From the material below, retype exactly the lines that begin at the line with "Recyclable Kraft Apparel" and end after the line with "CONDOR 486G64 ADA"; pictures stay out of the copy.

### Task input
"""
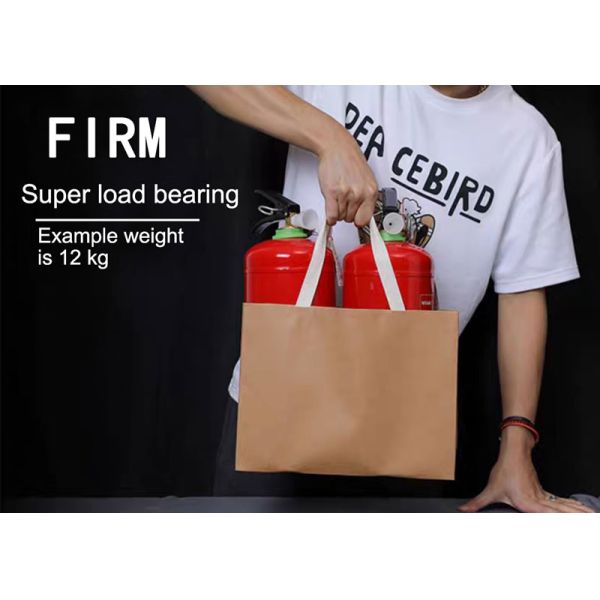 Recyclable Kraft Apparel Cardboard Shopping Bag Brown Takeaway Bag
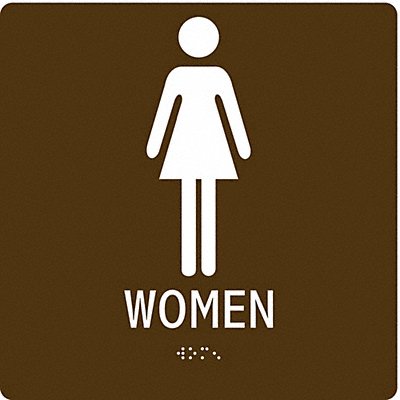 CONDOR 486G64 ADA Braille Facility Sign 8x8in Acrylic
"""
"""
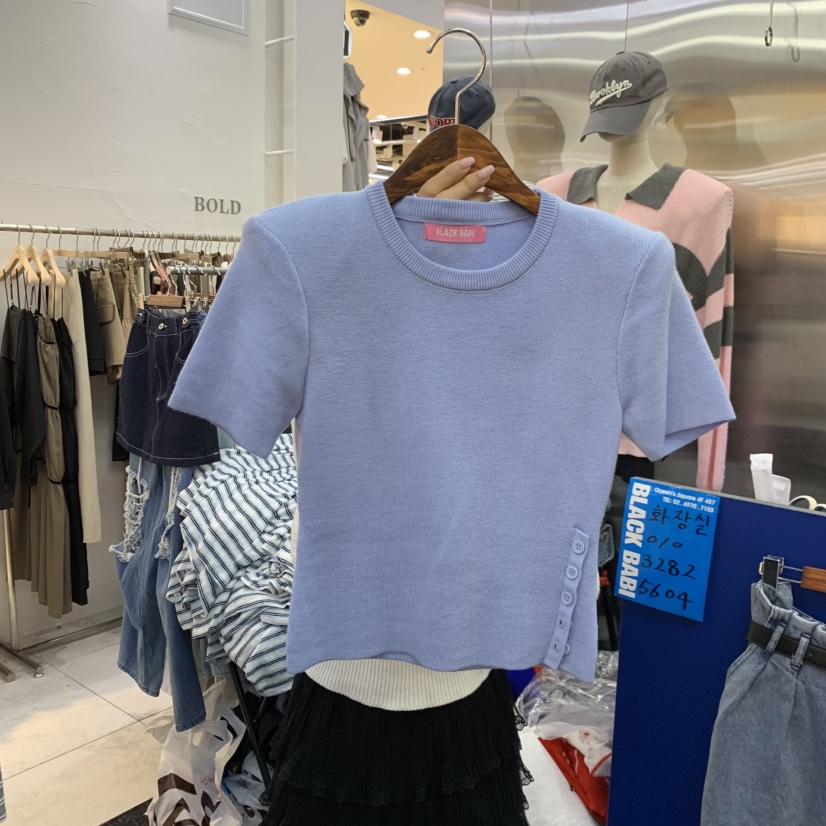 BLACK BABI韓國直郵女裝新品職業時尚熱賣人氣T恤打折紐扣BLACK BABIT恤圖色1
"""
"""
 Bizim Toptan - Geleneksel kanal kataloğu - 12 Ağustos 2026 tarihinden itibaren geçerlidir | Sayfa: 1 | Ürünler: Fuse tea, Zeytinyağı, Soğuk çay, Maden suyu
"""
### Answer to this exercise
 Recyclable Kraft Apparel Cardboard Shopping Bag Brown Takeaway Bag
 CONDOR 486G64 ADA Braille Facility Sign 8x8in Acrylic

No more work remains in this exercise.